Les deux portraits, peints par Rembrandt au milieu du XVIIème siècle pour un couple de marchands néerlandais, avaient d'abord été proposés en 2013 au musée du Louvre par la branche française de la famille Rothschild qui désirait s'en séparer. Mais le prix de 160 millions d'euros étant trop élevé pour le musée français, les toiles s'étaient retrouvées en danger de quitter le sol européen avec des acheteurs potentiels américains ou qataris. C'est à ce moment là que les Pays-Bas, au travers du Rijksmuseum, sont entrés en jeu, faisant de l’acquisition une véritable histoire de famille. Les tableaux devaient rester européens.
Après de longs mois de discussion, un accord particulier et complexe voyait le jour, le premier du genre entre deux musées de nationalité différente. Chacun des musées, le Louvre et le Rijksmuseum a ainsi acquis un tableau, imposant par la même occasion un divorce forcé au couple qui avait fait immortalisé son union par le célèbre peintre. Et c'est là que le problème se pose. Comment faire pour éviter la séparation, si douloureuse aux yeux des conservateurs, des deux toiles qui ne forment qu'une seule et même œuvre ? C'est finalement la solution de la garde alternée qui a été choisie. Les tableaux seront exposés ensemble à tour de rôle "dans deux des plus beaux et grands musées du monde" et pourront ainsi être " présentées au plus grand nombre", selon les mots de la ministre française de la culture. Cette solution, pourtant prisée par de nombreux couples divorcés, n'a pas manqué de faire ressurgir de vieilles querelles familiales d'héritage et de patrimoine, puisque les tableaux ont été français durant de nombreuses générations mais peints par un peintre néerlandais. Cette coopération a donc été présentée sous sous différents angles selon qui traitait l'information. Si certains comme Les Echos y ont plutôt vu une captation par les Pays-Bas, seuls gagnants dans cet échange; d'autres, comme Le Monde et The Guradiran ont plutôt souligné l’aspect de partage bilatérale entre les deux pays. Mais c'est le magazine eurocitoyen Le Taurillon qui s'est le plus démarqué en offrant une analyse plus poussée, replacée dans le cadre européen.
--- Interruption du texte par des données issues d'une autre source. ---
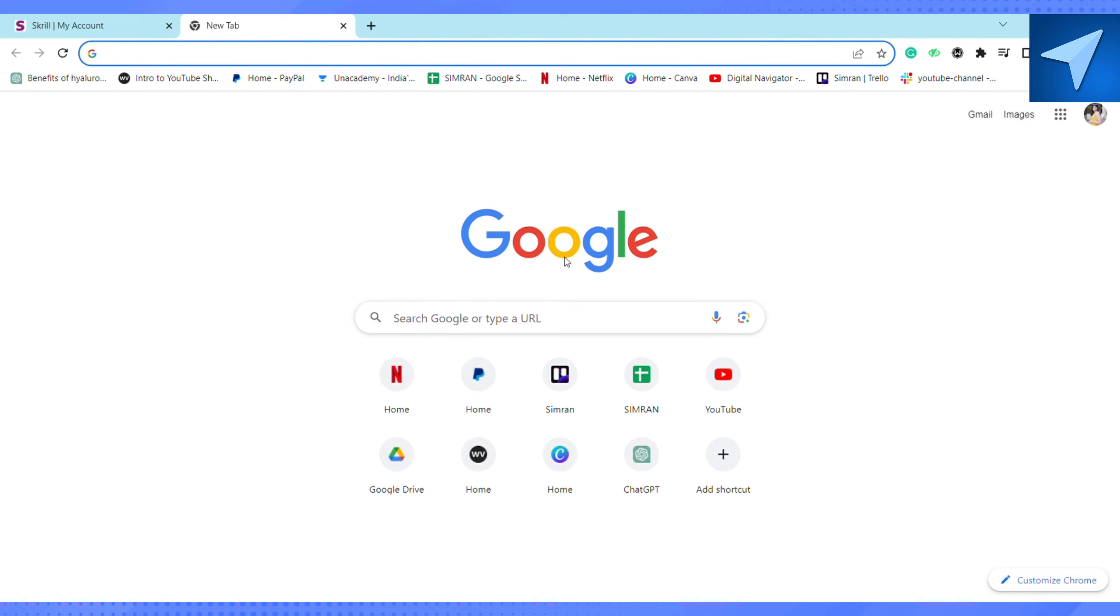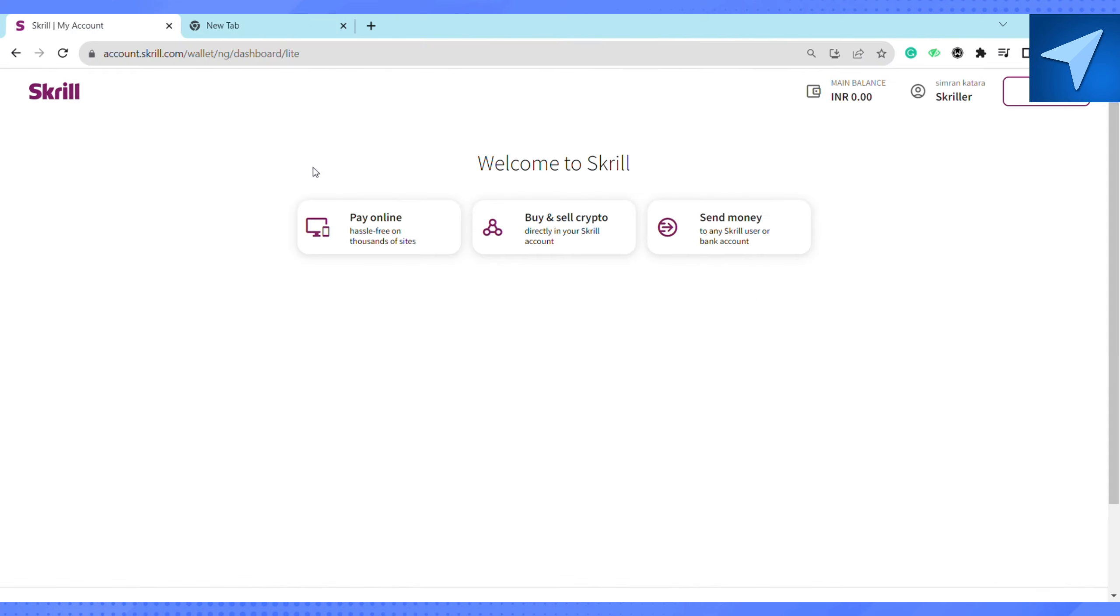On the search bar, just search for Skrill. After that, on the home screen of your Skrill account after logging in, you will see these three options: pay online, buy and sell crypto, and send money.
Car en effet, outre un bel exemple de rapprochement et de coopération interculturelle entre deux pays, c'est aussi la naissance d'un patrimoine commun européen qui ressort de cette histoire. Bien que celui-ci ai déjà été défini par le traité de la Convention culturelle européenne du Conseil de l'Europe de 1954 et réaffirmé par le traité de Maastricht en 1992. Les deux œuvres d'arts sont un exemple concret d'une notion qui intègre les mentalités et les comportements. Car garder les toiles sur le sol européen, peu importe le pays, était un enjeu majeur de cette acquisition, comme l'ont soulignées les deux ministres de la culture, très présentes dans les négociations. Et si certains se sont alarmé sur le risque de politisation des musées et de la culture, Le Taurillon a quant à lui souligné un rapprochement entre les états membres de l'Union européenne qui se faisait par le bas, par des acteurs non gouvernementaux. Ce qui promet "de nouvelles perspectives de coopération européenne hors des champs politiques et économiques".

Communiqué de Presse, Ministère de la Culture et de la Communication - http://www.culturecommunication.gou...

Le Monde - http://www.lemonde.fr/culture/artic...

The Guardian - http://www.theguardian.com/artandde...

Toute l'Europe - http://www.touteleurope.eu/les-poli...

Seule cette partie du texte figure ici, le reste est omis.